Anzitutto ha spostato sempre più a destra le sue politiche. In conferenza stampa mercoledì non ha fatto che invocare «sicurezza» e «più poliziotti», per non parlare della legge sull’immigrazione controversa proprio perché approvata coi voti del Rassemblement National e scritta assumendone la propaganda. E quante volte, già anni fa, il macroniano ministro degli Interni Gérald Darmanin ha definito Le Pen non abbastanza dura?
Il presidente in carica ha favorito la penetrazione delle istituzioni da parte del RN in modo diretto e indiretto. Direttamente, è almeno dalle legislative del 2022 che i macroniani equiparano l’unione di sinistra all’estrema destra, rifiutando di sostenere la prima ai ballottaggi; e nel giugno del 2022 quasi novanta deputati lepeniani sono entrati a frotte all’Assemblea nazionale.
Senza i voti dei sedicenti liberali di Renaissance, Le Pen non avrebbe potuto partecipare alla spartizione degli incarichi e ottenere per Sébastien Chenu e Hélène Laporte due vicepresidenze d’aula. La stretta di mano tra Le Pen e Macron il 21 giugno 2022 è la raffigurazione plastica del piano inclinato sul quale corre la République.
Trappole e vie di uscita
«Il cordone sanitario non c’è più!», urlava trionfante Kévin Mauvieux, uno degli eletti lepeniani, nell’estate 2022. Ma c’è di più: il presidente, con Le Pen che va al traino, sta proiettando ormai da anni quel cordone contro la sinistra.
Macron, che mercoledì ha giustificato la chiamata alle urne con «il democratico ascolto della popolazione», non ha ascoltato ragioni né democrazie né manifestazioni quando si è trattato di imporre la riforma delle pensioni; non c’è stato niente di liberale nelle violenze delle forze dell’ordine durante le proteste sociali e ambientali, negli attacchi alla Ligue des droits de l'Homme e prima ancora nella liberticida Legge sulla sicurezza globale.
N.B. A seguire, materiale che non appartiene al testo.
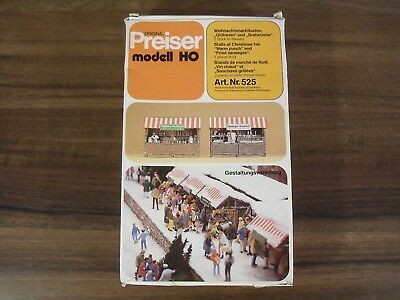 Preiser 525 HO Warm Punch & Fried Sausages Stall at Christmas Fair Plastic Kit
Dopo aver più volte chiesto il voto all’elettorato di sinistra in nome di un cordone che lui stesso viola, Macron ora formula un ricatto morale: non solo chi sta con Le Pen, ma pure chi sta con la sinistra è traditore patrio. E quale alternativa offre? Mentre i lepeniani provano a mostrarsi presentabili, i macroniani portano sempre più tratti di una destra illiberale; finché distinguerne i destini diventerà sempre più arduo.